I propose, in the first place, to enlarge upon those conditions of Indian life which will enable us to realise whether, and how far, the habits and wants of her people at the present day demand a supply of such articles as require in their manufacture skilled labour based upon technical instruction. Of the 288,000,000 of people who form the population of

In

the country, it is roughly reckoned that 180,000,000 are agriculturists. If we entirely exclude this great subdivision of her inhabitants from the classification mentioned in the preceding sentence, and regard it as offering no market for manufactures of skilled industry, we still have upwards of 100,000,000 of people, or three times the whole population of the United Kingdom, who might fairly be assumed in varying degrees to take such articles into daily use. respect of the agricultural population, too, it must be remembered that they afford a vast field for the consumption of rough cotton and woollen fabrics, which are at present supplied to a large extent by hand-looms. This might seem strange to those who have heard of the large cotton-spinning and weaving steam-factories of India, but that these mills do not compete with the hand-looms to such an extent as to drive the worker at those crude primitive machines out of existence might not unreasonably be assumed to point to the fact, that even in the one industry which is mistakenly supposed to be fully developed in India, there is enough scope for much further development by means of such technical instruction as might ultimately tend to cheapen the manufactured article, thus enabling it to replace the slow production of the hand-loom. This subject, I must confess, admits of some controversy, and therefore, after contenting myself with the passing allusion I have made to it, I will revert to the consideration of the wants of the 100,000,000, which, as we have seen, extend to articles of skilled manufacture.

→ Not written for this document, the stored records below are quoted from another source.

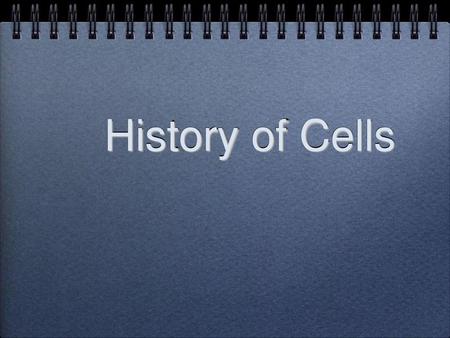 History of Cells.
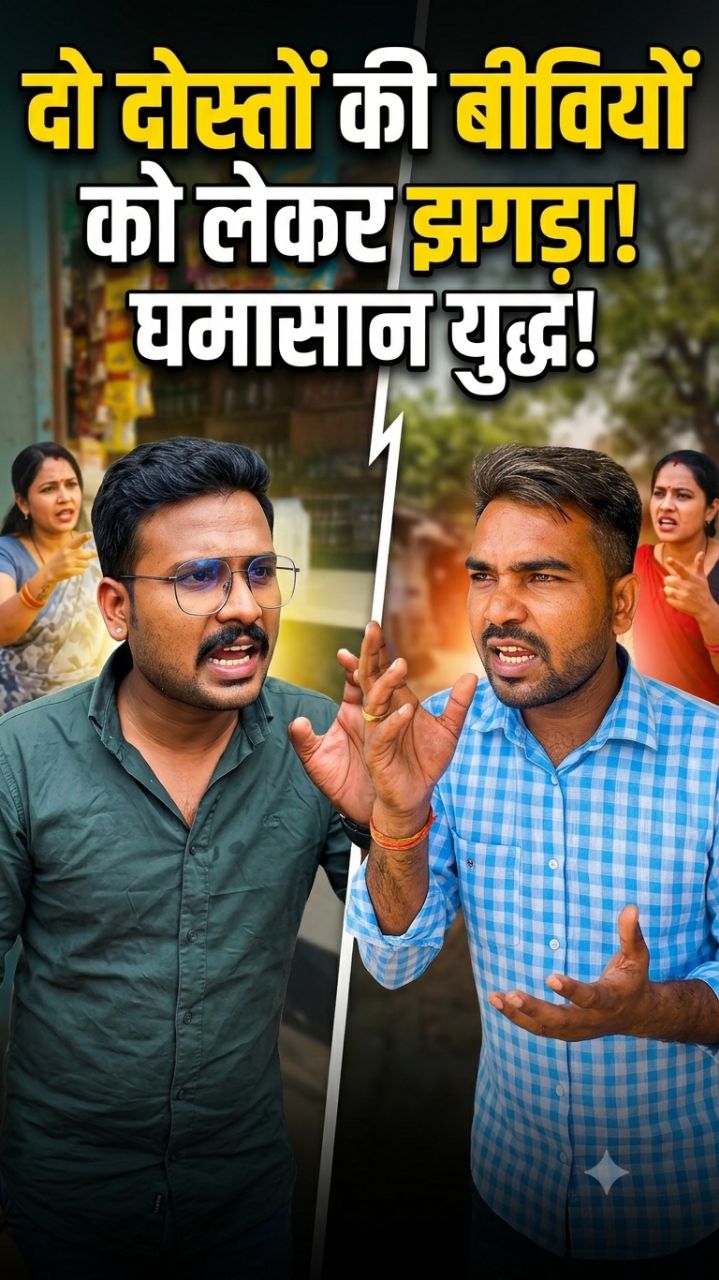 पत्नियों को लेकर दो दोस्तों के बीच झगड़ा #viral,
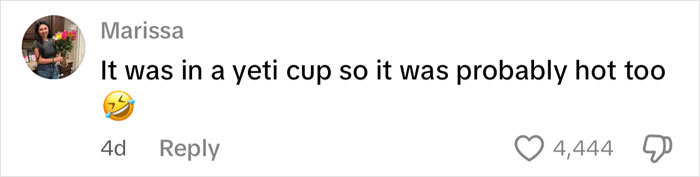 Comment from Marissa reacting to a road rage passenger’s coffee toss backfiring in a viral instant karma video. Comment from Marissa reacting to a road rage passenger’s coffee toss backfiring in a viral instant karma video.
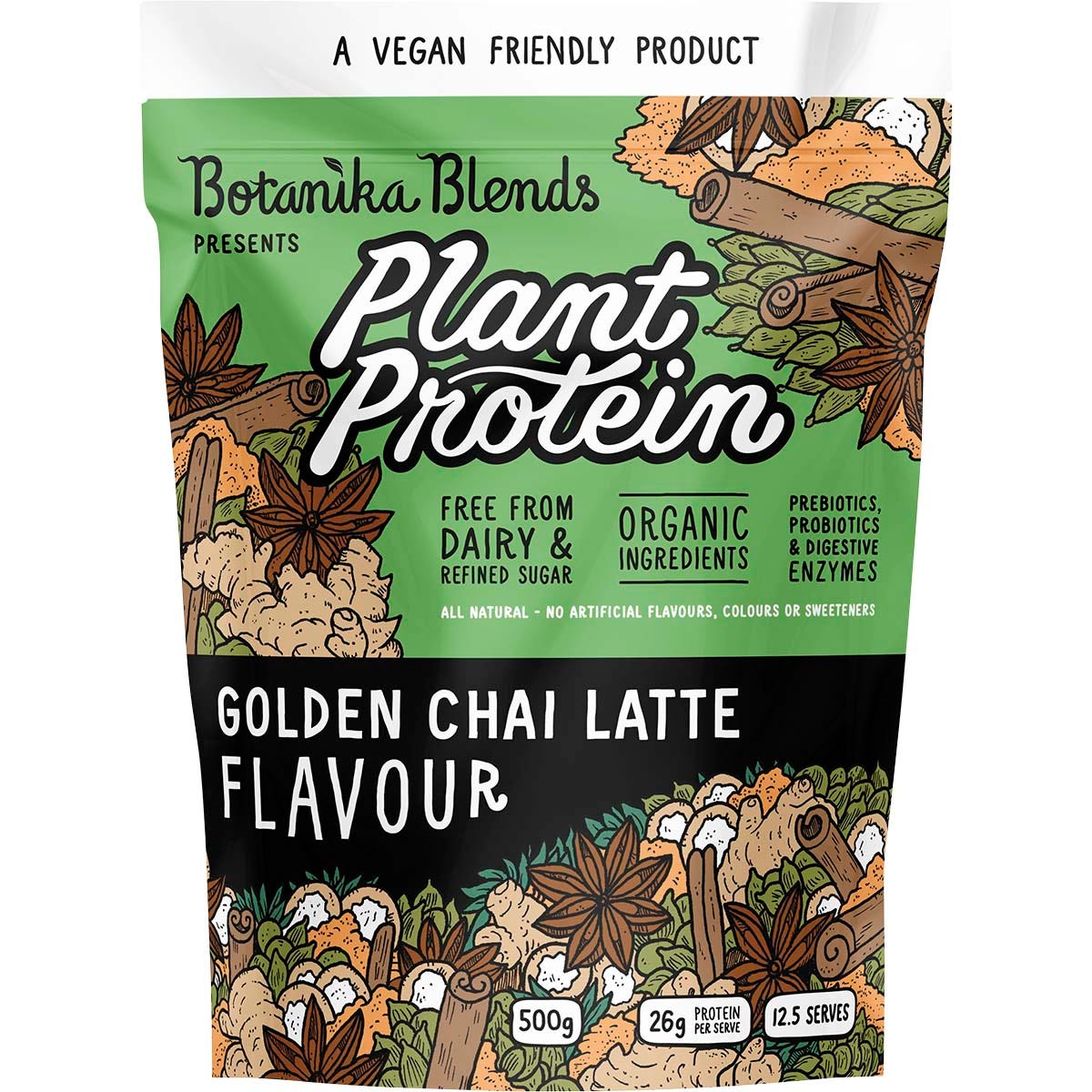 500g tub of Botanika Blends Plant Protein Golden Chai Latte with botanical illustrations on a white background.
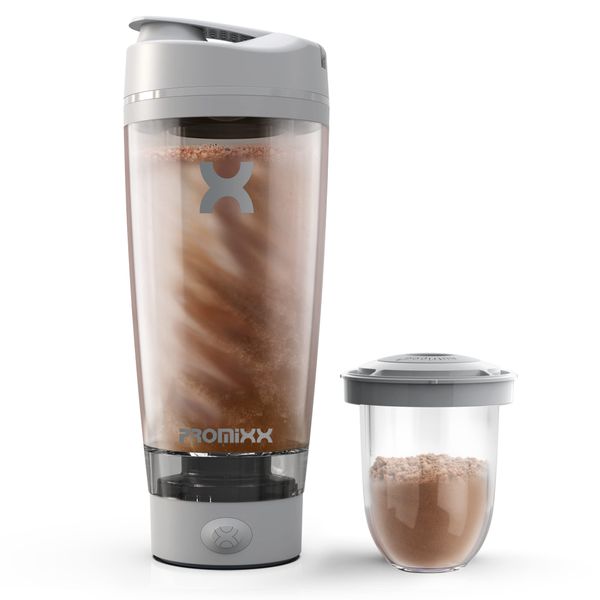 Promixx Pro Shaker Bottle | Rechargeable, Powerful for Smooth Protein Shakes | includes Supplement Storage - BPA Free | 600ml Cup (Cool Gray)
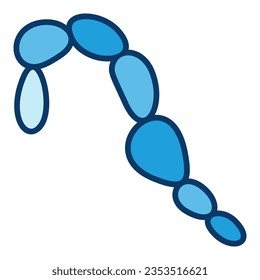 Bacteria Microbe vector concept blue icon or symbol
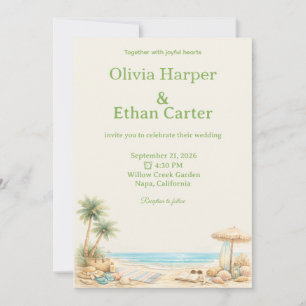 Modren Viral Aesthetic Beech soft Stylis customize Invitation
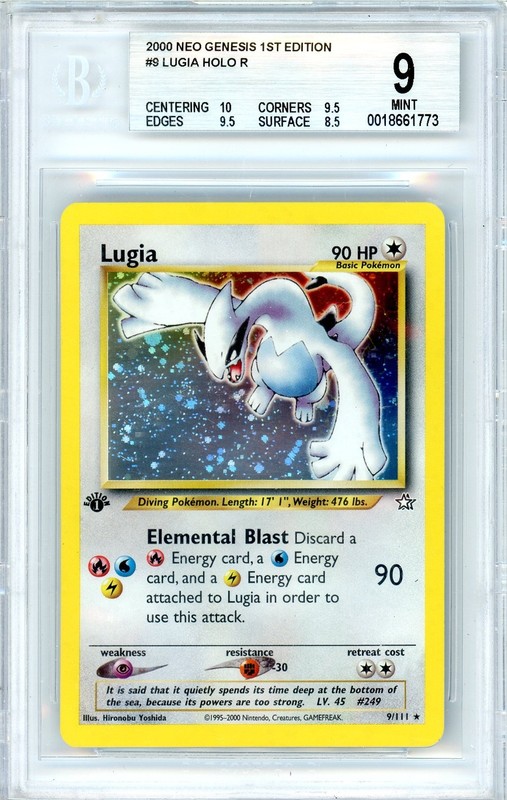 Pokemon Lugia #9 Neo Genesis Holo 1st Edition BGS 9 Mint 10,9.5,9.5 Subs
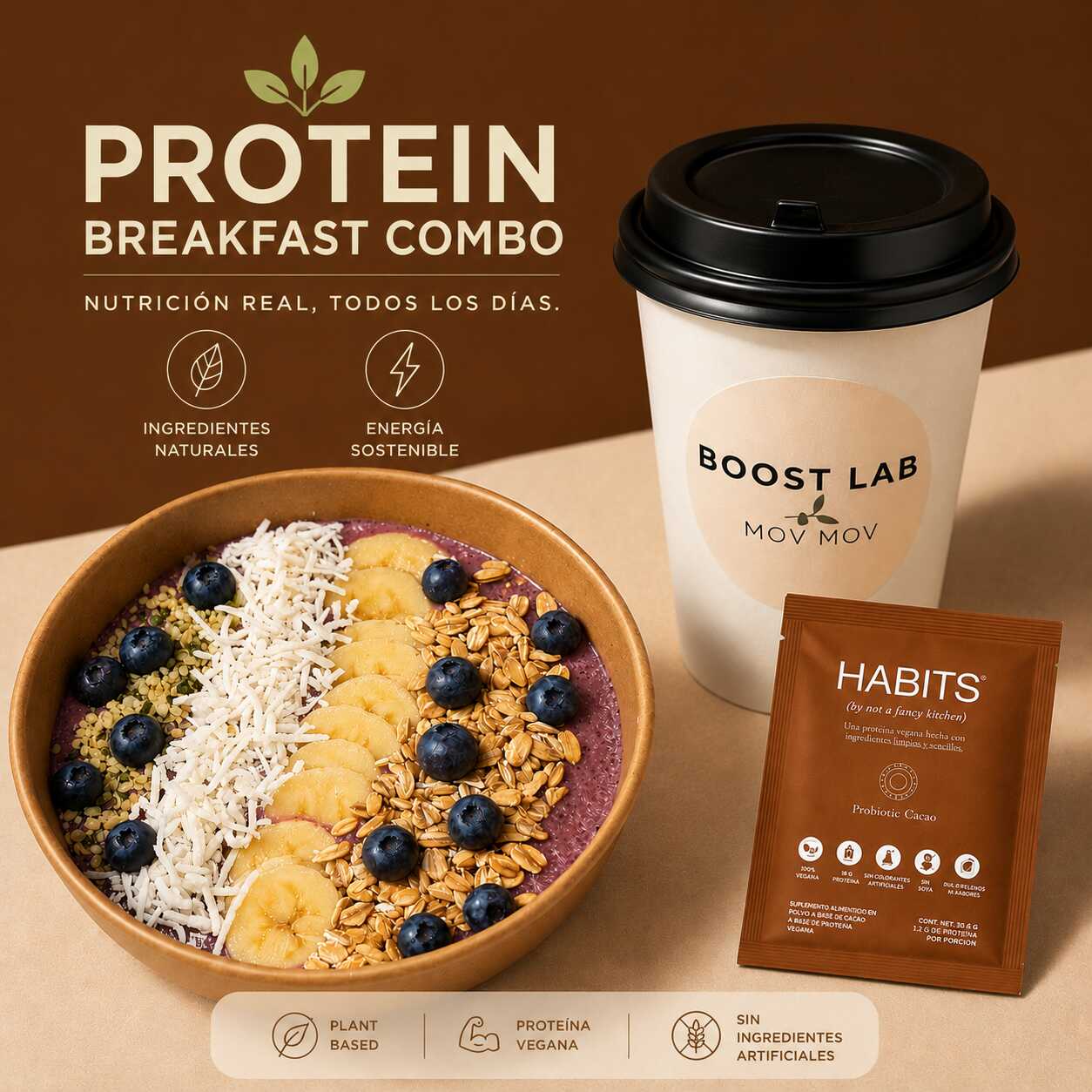 Protein breakfast combo | Açai + Protein coffee
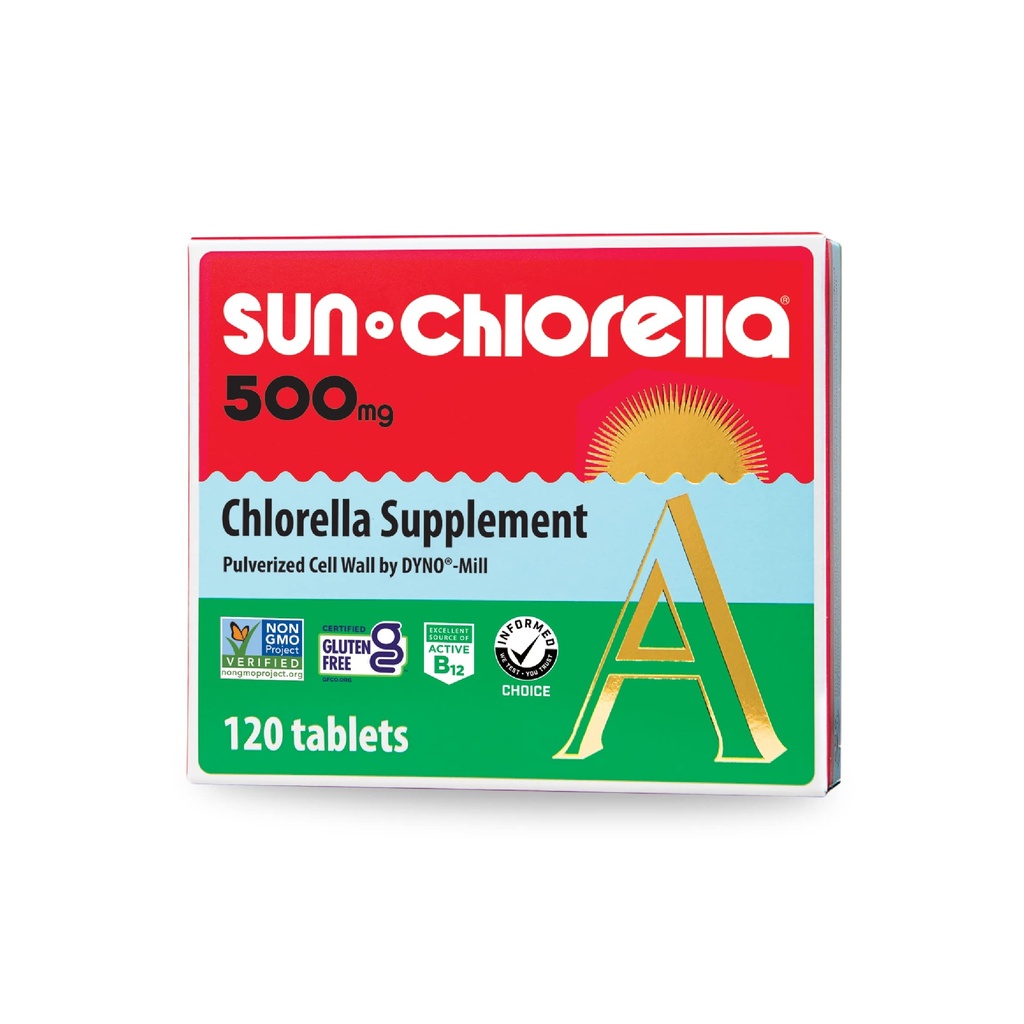 Sun Chlorella 500mg Intero Corpo Benessere Verde Algae Superfood Supplemento - Difesa Immune, Salute Gut, Purificazione Naturale, Energy Boost - Chlorophyll, B12, Iron, Protein - Non-GMO - 120 compresse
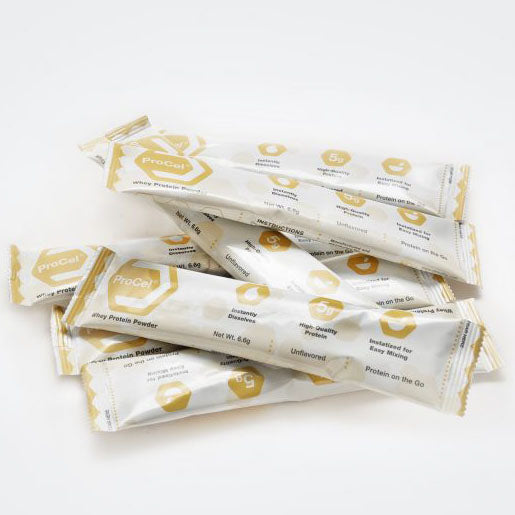 ProCel Unflavored whey protein individual packets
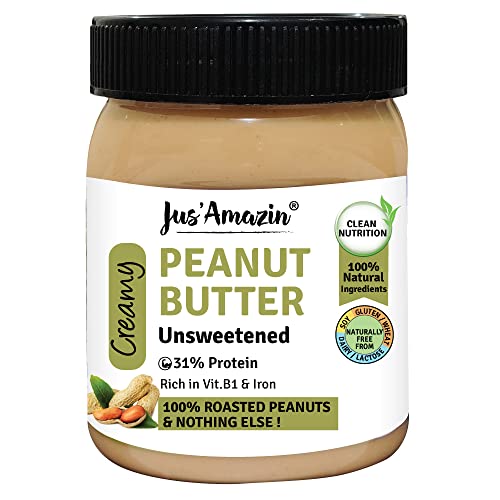 Jus' Amazin Creamy Peanut Butter - Unsweetened (325g) | 27.8% Protein | Only 100% Pure Peanuts - no added Sugar/Salt/Hydrogenated Fats/Emulsifiers | Dairy Free, Keto | Clean Nutrition, 0% Chemcials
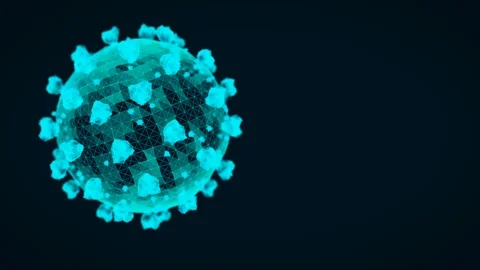 3D wireframe of a cyan-colored single coronavirus particle on a dark background Stock Footage 128822179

What do they use every day? Take the humblest household first. You will find there metal pots and pans for cooking purposes; kerosene or mineral oil and matches for light; cotton, bone or metal buttons, pins, hooks and eyes, needles and thread, which enter into the preparation of the family garments of rough native

made fabrics. Then there are tacks and nails, twine. and string, a hammer, and other tools, in many houses. All these articles, every one of them, is of foreign make.

Peering into another household a stage or two upraised in the social scale, you find nearly all the articles common to the daily use of a European working man; most of the culinary utensils, lamps, candle and soap, paper, ink, pen, pencil, not a single one of which is made in India. His house is painted with colour or washes of foreign composition, the woodwork of it is varnished with foreign varnish, his clothes are of European manufacture. One degree higher, again, and four-fifths of the articles you find in the domicile of a peon, a petty schoolmaster, or a clerk, and on his own and wife and children's persons, are of foreign make. Then come the households of the large middle class, of the successful and comfortable tradesman, the merchant, and the professional man. There, and in a still greater degree in the mansions of millionaires and the palaces of princes, the predominating proportion of articles is all of foreign manufacture. I try hard to recall to my mind what particular article I should find of Indian workmanship in places like these last, and I do see many of that description, from the kitchen and stable to the drawing-room and the hall. Some critics who do not fall in with my views might point to the furniture. That would make a somewhat important exception if I viewed this considerable part of a household as a superficial observer would, but then he does not remember that, save in the simplest and crudest class of furniture, a good proportion of what is known as local furniture is not native-made at all. The springs of a couch or chair, the lining, the buttons, the thread, the hinges of a cupboard or box, the screws, the nails, the locks, the very tools with which these are put together and formed into shape, are all made abroad.